Generates a list of marker genes per cluster using ranked marker tables produced by rank_cluster_markers.

Usage

extract_top_markers(
  sce = NULL,
  ranked_markers_key = "broad_cluster_markers",
  ranked_markers = NULL,
  fdr_threshold = 0.05,
  effect_threshold = 0.6,
  target_n = 100L
)

Arguments

sce

A SingleCellExperiment. Required only when ranked_markers is not supplied.

ranked_markers_key

Character scalar. Metadata entry containing ranked marker tables. Defaults to "broad_cluster_markers".

ranked_markers

List or NULL. Ranked marker result returned by rank_cluster_markers(return_list = TRUE). If supplied, this takes precedence over sce and ranked_markers_key.

fdr_threshold

Numeric scalar. Maximum FDR threshold. Defaults to 0.05.

effect_threshold

Numeric scalar. Minimum effect size threshold.

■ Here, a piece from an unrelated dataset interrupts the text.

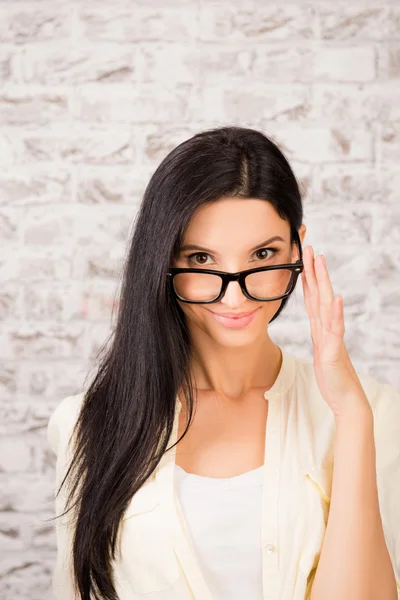 Zeker mooie jonge vrouw die houdt van haar bril — Stockfoto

Defaults to 0.6.

target_n

Integer scalar. Number of genes to return per cluster. Defaults to 100L.

Value

A named list with one entry per cluster, each containing:

top_n

Character vector of up to target_n genes, passing genes first, then supplemented backfill.

supplemented

Character vector of backfill genes that did not meet the FDR/effect thresholds. Empty character vector if all target_n slots were filled by passing genes.

Details

Ranked marker tables may be supplied either:

  • directly via the ranked_markers argument, or

  • indirectly via metadata(sce)[[ranked_markers_key]].

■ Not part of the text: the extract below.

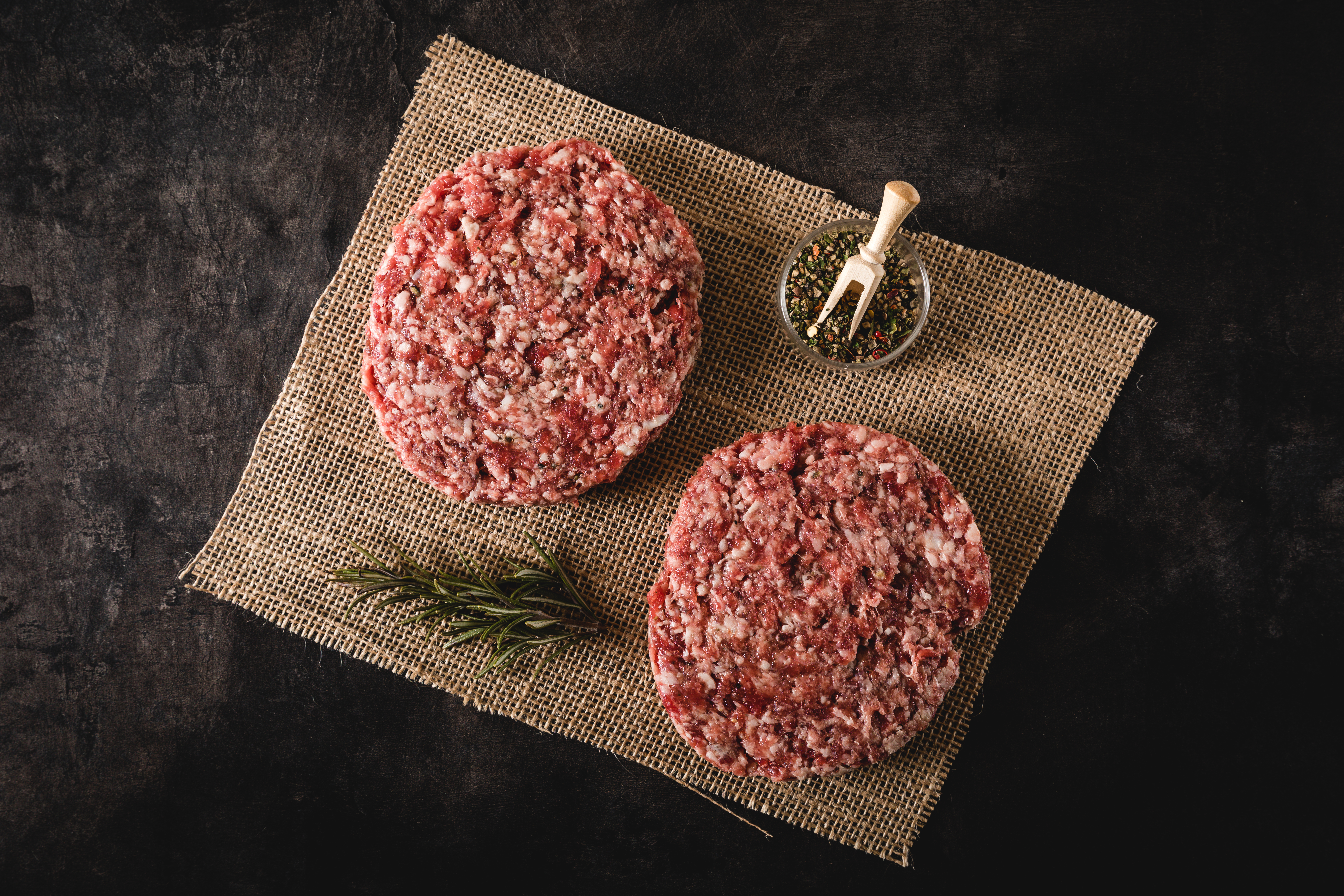 Dry Aged Beef Patties auf Holzbrett – Hochwertiges Oberpfalz-Rindfleisch Dry Aged Beef Patties auf schwarzem Grillrost mit Grillspuren und saftigem Inneren, perfekt für Burger Liebhaber. Hochwertiges Rindfleisch, ideal für kulinarische Grillerlebnisse und BBQs.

If ranked_markers is supplied, it takes precedence and sce is only used for class consistency. In that case, ranked_markers_key is ignored.

Genes are first ordered by:

  1. ascending FDR, and

  2. descending effect size (AUC for Wilcoxon, logFC for t-tests).

Marker genes passing:

  • FDR <= fdr_threshold, and

  • effect size >= effect_threshold

are prioritised. The final output for each cluster consists of exactly target_n genes: passing genes are included first, then remaining slots are filled with top-ranked genes that did not pass thresholds.

This ensures a consistent gene set size across clusters while prioritising high-confidence markers for downstream enrichment analysis.